Strikes not just due to legislation
The head of the employment relations group at a national law firm has said you can’t solely blame the Fair Work Act for industrial action.
The head of Middletons’ workplace relations and employment group, Alice de Boos (pictured), spoke to Lawyers Weekly in the wake of an industrial relations conference held in Sydney on 6 March.
At that conference Steve Knott, the head of the AMMA, which is a leading resource industry employer group, said the Act provided more opportunity for unions to launch strike action.
“The current IR framework has seen AMMA members held to ransom in their commercial and managerial decision-making by the restrictions on Greenfield agreements, unfettered access to protected industrial action and the broad reach of the general protections provisions,” said Knott.

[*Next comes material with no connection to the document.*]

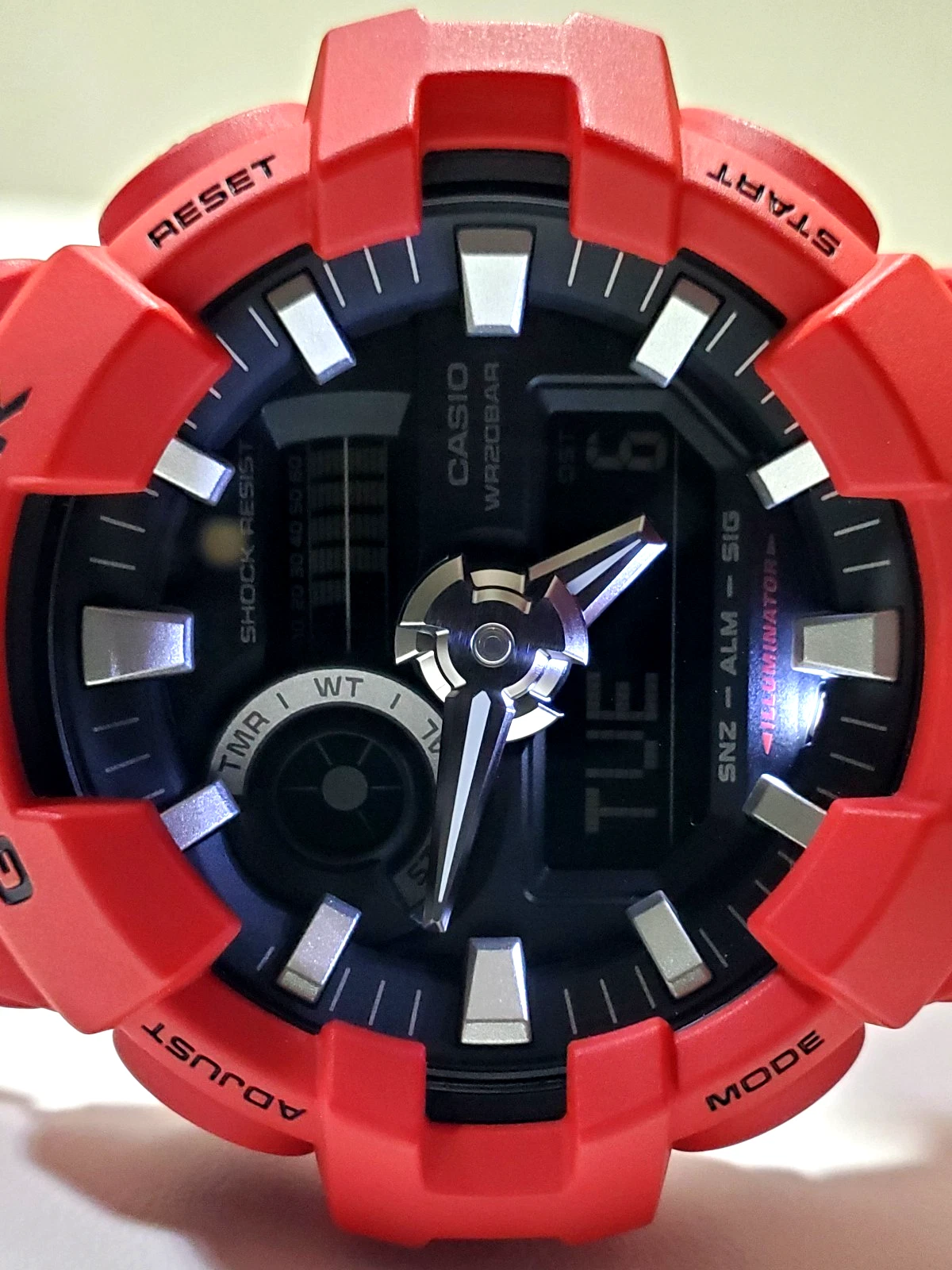 Reloj Digital Casio G-Shock Ga-700-4A Mod 5522 Super Iluminador Rojo/Negro - Image 10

de Boos conceded that the Act does “facilitate a greater level of disputation”. However, she said it would be wrong to say that it was the cause of industrial action.
“You can never ever blame strikes in an industry simply because of the law,” she said. “It will be due to a combination of factors such as where that company is going, what their strategy is, and the relationships between the people in the workplaces.

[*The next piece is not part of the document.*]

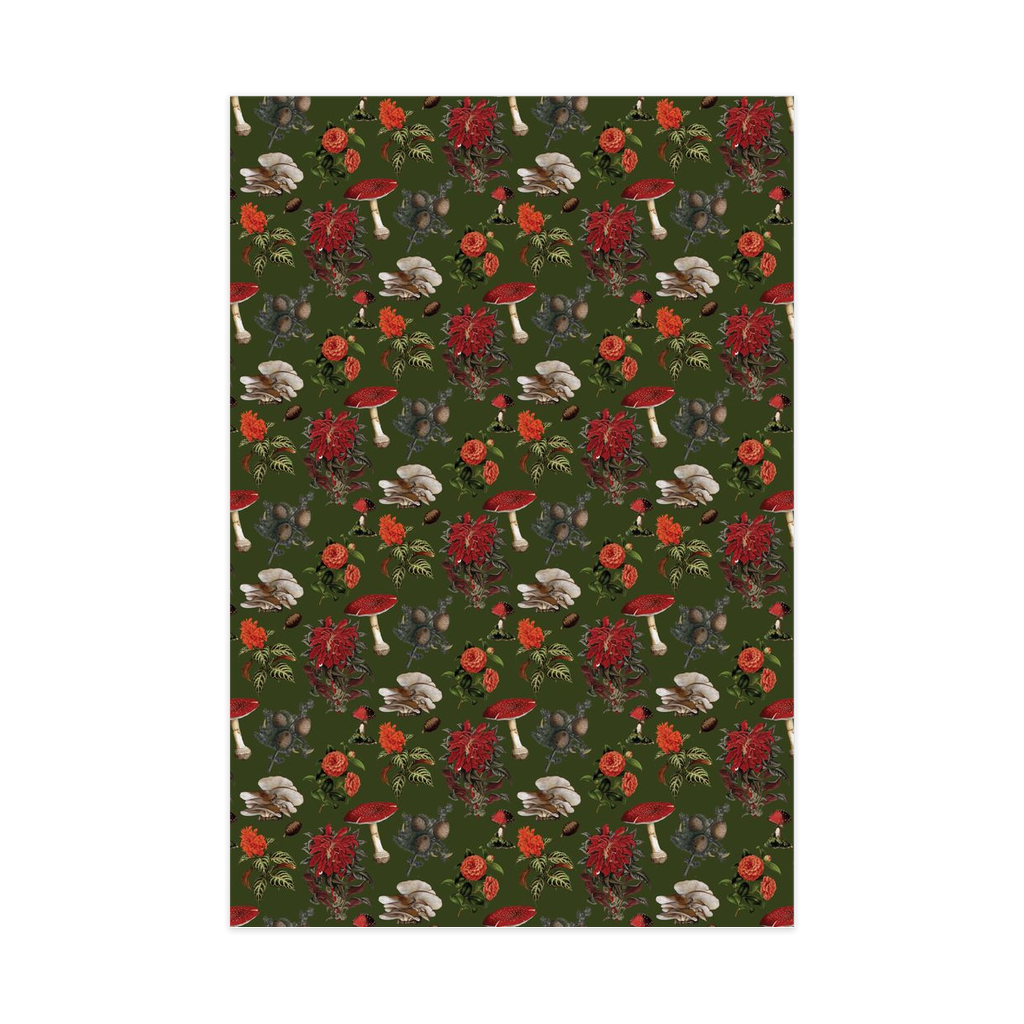 Pines and Shrooms Wrapping Paper, Large Roll, green and red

“That is all within the overlay of what the legal structure is, but at the heart of it will be a dispute between people, and that is not necessarily driven buy the legal structure.”
de Boos went on to say that the Act is “hardly a union friendly piece of legislation”, and that outside of a few key areas including provisions on enterprise bargaining, there is very little difference between the Act and the previous legislation under the Howard government.
“The laws around industrial relations are the same as the laws around WorkChoices as well, but a change in the way that we bargain and what we can bargain for means that there is more [industrial] activity.”
In releasing its top 10 trends for the Australian mining industry in 2012 last month, Freehills said the mining industry had seen a steady increase in industrial activity since the Fair Work Act came into effect in 2009.
The FWA stifles productivity
The Fair Work Act also came under strident criticism from the AMMA for its effect on productivity in the energy and resources sector.
“It’s clear the IR laws need to change to ensure more flexibility is given to employers to respond to changing market conditions but to also outlaw agreement content that does nothing to enhance the productivity of an enterprise but serves only to further entrench union power and influence,” said Amanda Cochrane, the national legal affairs manager at the AMMA.
According to de Boos, a lot of her firm’s industrial relations clients, the majority of which come from the resources or construction sector, have expressed concerns about the attitude towards enterprise bargaining in the Act.
“A fair observation about the Act is that productivity does not play a role in the enterprise bargaining regime where it should,” she said. “The laws surrounding the enterprise bargaining system and the rules about what you can and can’t do and can and can’t include in a bargaining agreement are completely silent on the issue of productivity.
“It is fair to say that these days there is no true exchange of productivity or efficiency measures in return for pay increases. Enterprise bargaining has evolved into something that was not envisaged when it was first introduced nearly 20 years ago.”